Now, I cant wrap my brain around the idea that someone can't make a run off of a print. Every print I have ever seen has every number you would need on it. But that's ME.


----------



## mdshunk (Mar 13, 2005)

Peladu said:


> But that's ME.


I really don't get it. Your profile says you're in Chi town, but you keep talking about how they do it in Maine. Did you live there previuosly? Do they pay their drywallers by the board there?


----------



## Peladu (Jan 8, 2006)

mdshunk said:


> I really don't get it. Your profile says you're in Chi town, but you keep talking about how they do it in Maine. Did you live there previuosly? Do they pay their drywallers by the board there?

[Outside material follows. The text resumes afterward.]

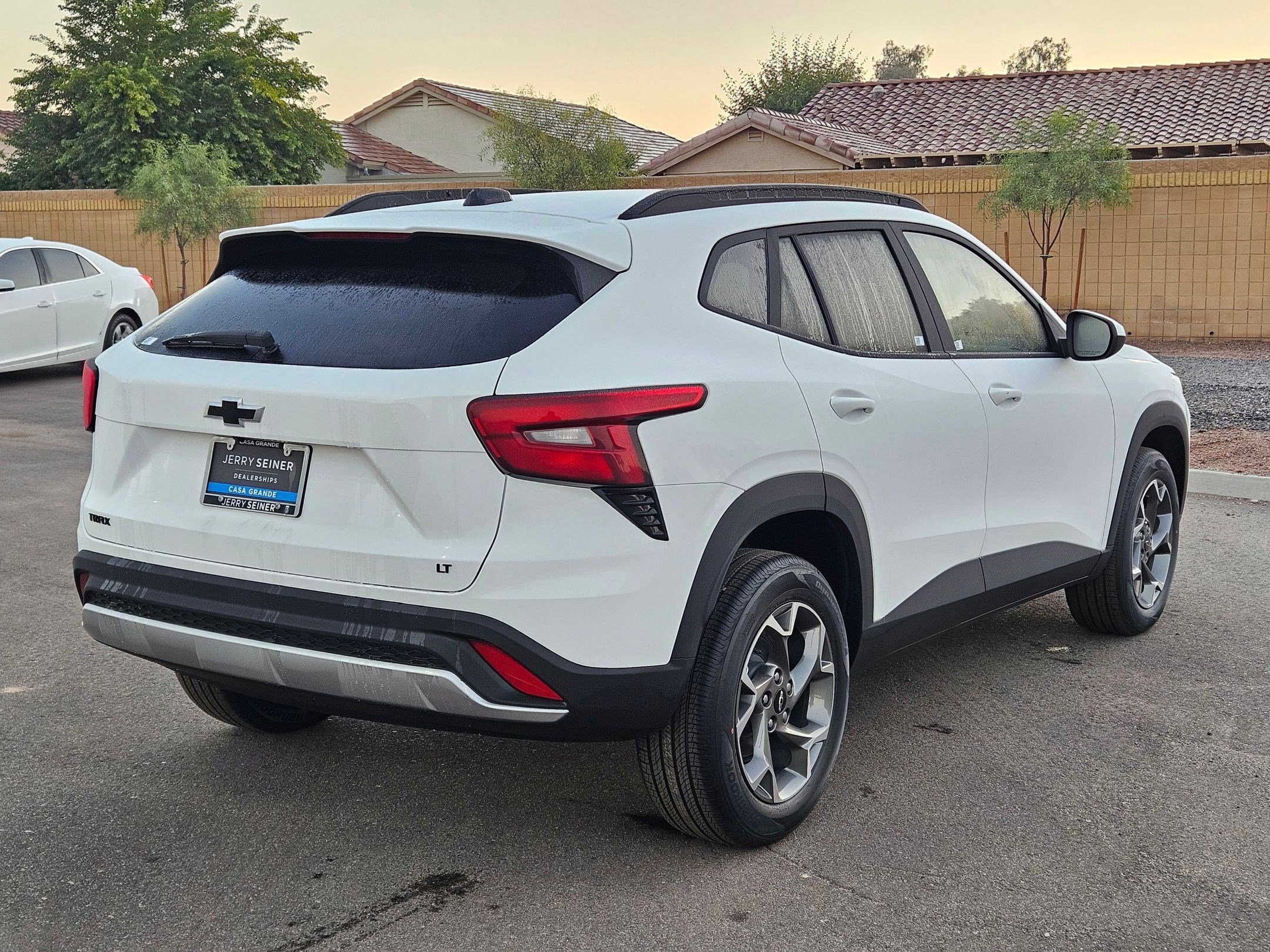 2026 Chevrolet Trax LT photo 2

Right , I said, "But that's ME"
Not, "That's in ME."
This better? - "That is just me."
Or are you screwing with me like Tom R did?


----------



## Gordo (Feb 21, 2006)

maj said:


> Are you guys missing this?
> 
> He only states a RUFF(??)laughingestimate!!!!
> 
> ...


Or someone that did drywall for 6 months running mud. Now he is trying to estimate a 'big' job on his own. 

More power to you Ohio. If you have plans you should have all the info you need in front of you. Nothing hard here its basic mathematics. All measurements are right there. 

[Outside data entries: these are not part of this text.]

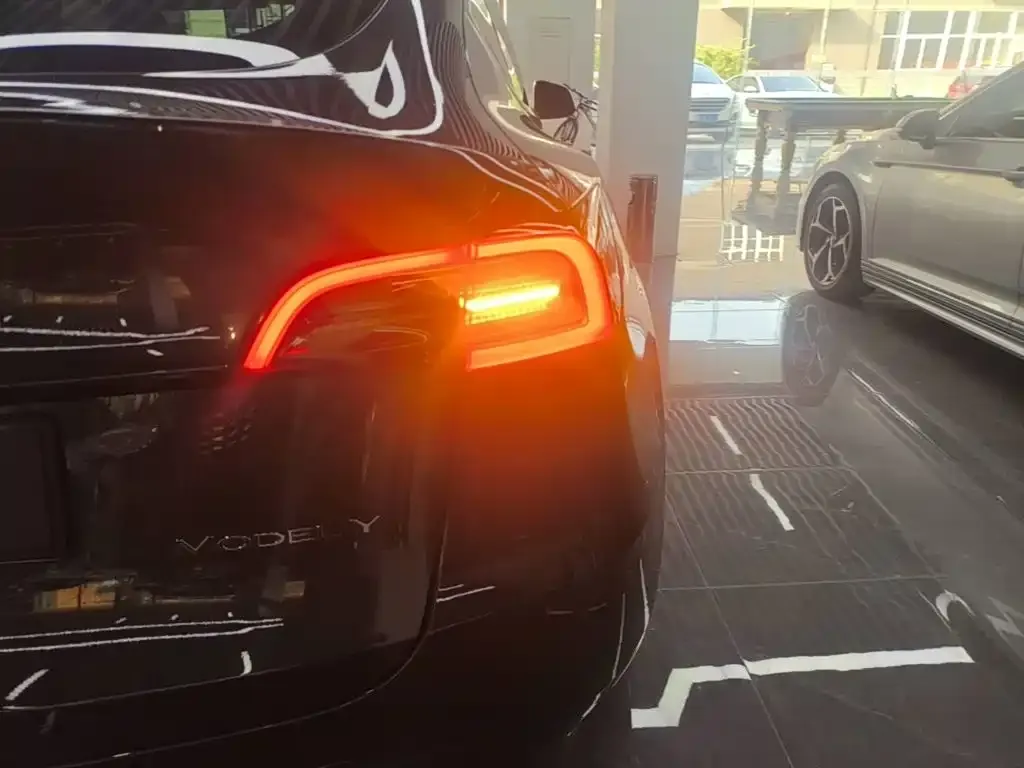 Tesla Model Y — фото 4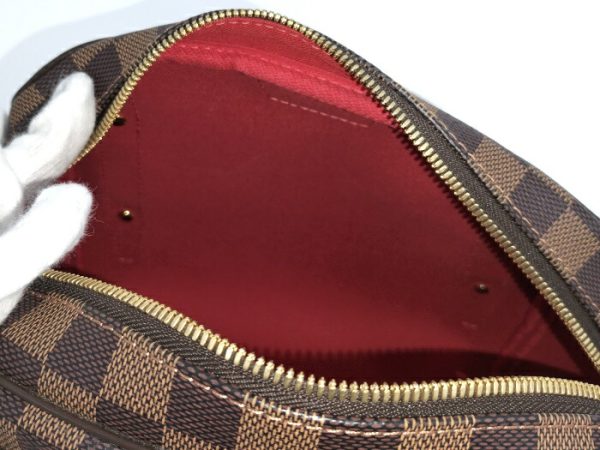 2000773252000919 9 Louis Vuitton Rivington PM Shoulder Bag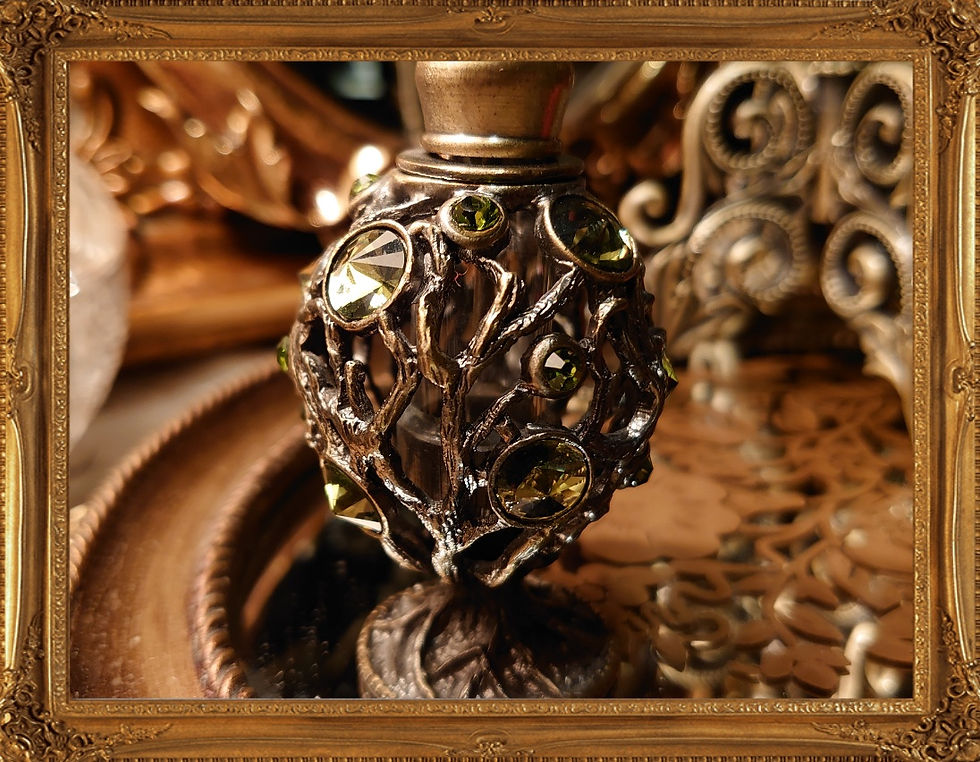 Thumbnail: Vintage green amphibole tree vine perfume bottle 復古綠色閃石樹藤香水樽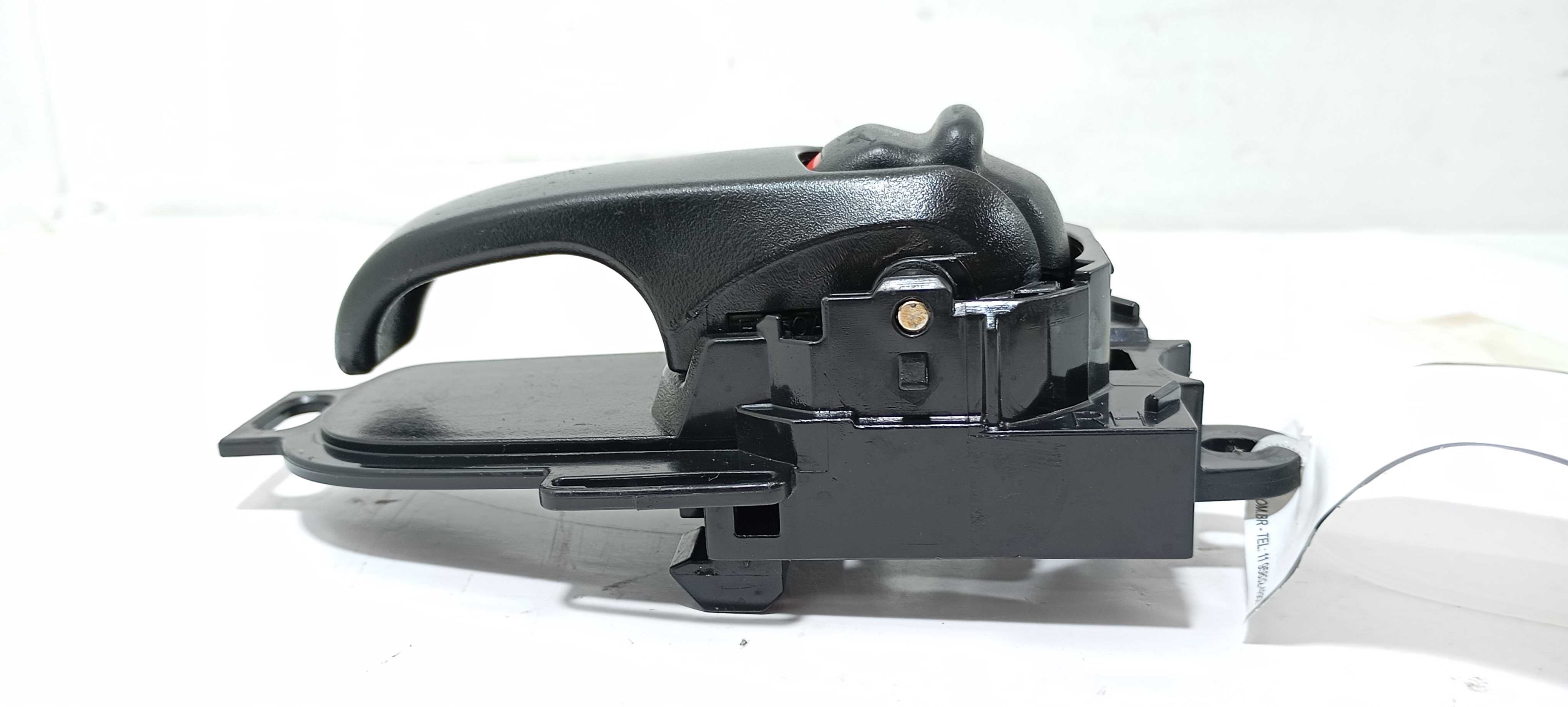 Maçaneta Interna Traseira D. Nissan Tiida Sedan 1.8 12 V2305 Preto Traseira 3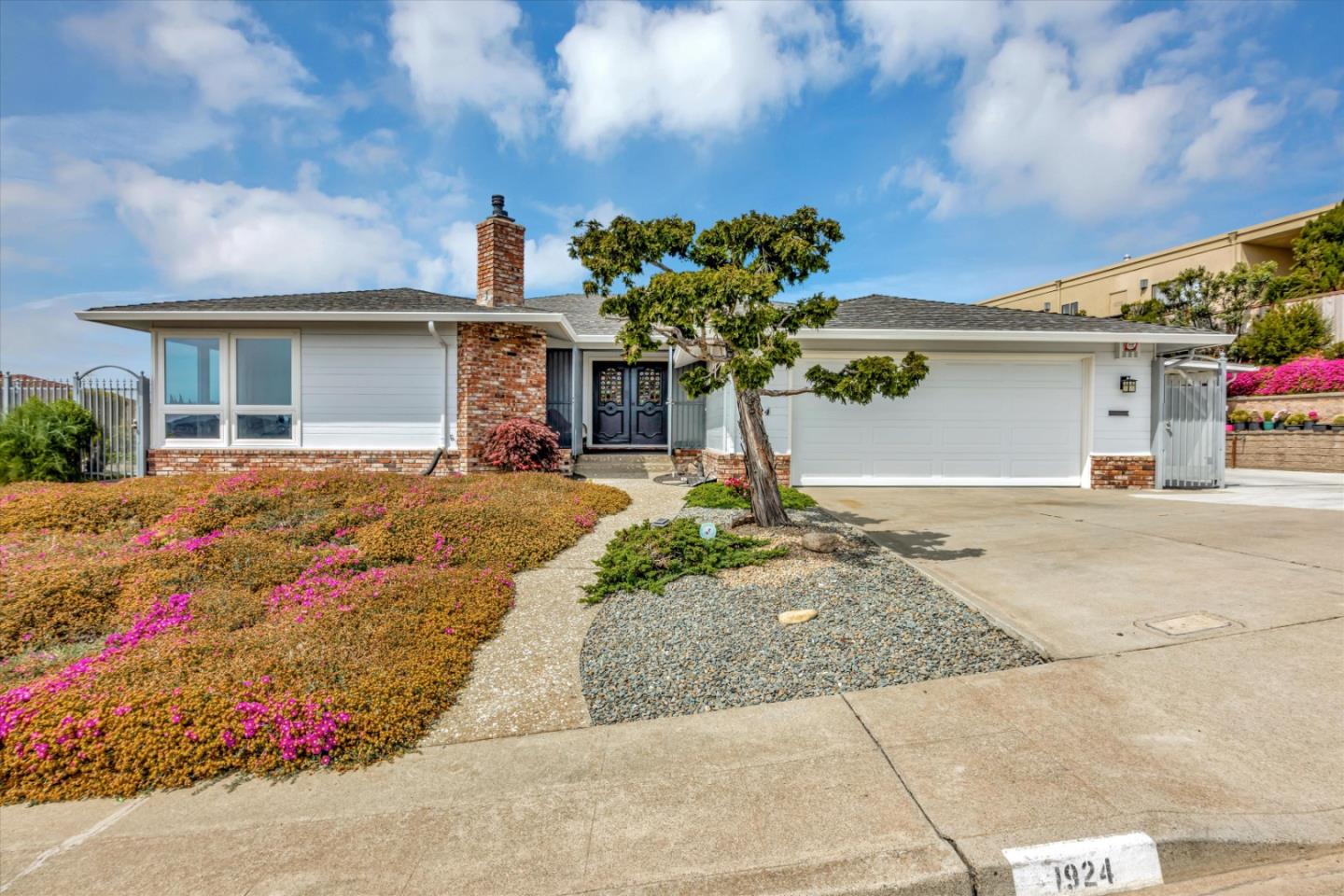 Detail Gallery Image 1 of 1 For 1924 Marineview Dr, San Leandro,  CA 94577 - 3 Beds | 2 Baths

If you are having a hard time figuring if there are trayed ceilings ask the contractor.

No hard feelings. Hope you get the job and make a PROFIT!


----------



## j120strat (Jul 24, 2006)

its a home owner checking prices.


----------



## DaveH (Jun 2, 2006)

Maj, and anyone else who thinks I gave too much info...
The purpose here is no different than with my kids...
They ask for an answer and I don't just tell them I show them how to figure it out for themselves. I make a living off people who have prints but don't know how to read them, and give a proper estimate. Now he can properly price out a job that could easiliy break his A$$ and send him back to working for the "MAN". 

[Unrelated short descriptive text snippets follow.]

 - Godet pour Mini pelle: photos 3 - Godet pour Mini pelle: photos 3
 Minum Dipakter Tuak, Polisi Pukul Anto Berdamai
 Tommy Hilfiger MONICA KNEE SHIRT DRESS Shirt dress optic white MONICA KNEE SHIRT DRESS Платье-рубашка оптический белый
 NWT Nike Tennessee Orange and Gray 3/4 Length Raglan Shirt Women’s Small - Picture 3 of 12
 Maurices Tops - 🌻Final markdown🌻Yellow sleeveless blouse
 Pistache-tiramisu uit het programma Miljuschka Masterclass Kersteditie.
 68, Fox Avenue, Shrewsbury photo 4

I think the saying goes like this..
Give the man a ruff number and he drywalls for a day..
Teach him to estimate and he drywalls for a lifetime....
Or something like that but with fish....


----------



## Joasis (Mar 28, 2006)

I think it is a weak shot at learning to estimate...I'm with maj, I do the 3.5Xsq/ft area for rough numbers on drywall...and if it is specific, the ONLY way to be accurate is off of a print. 


Good luck Ohio, if this is your first project.


----------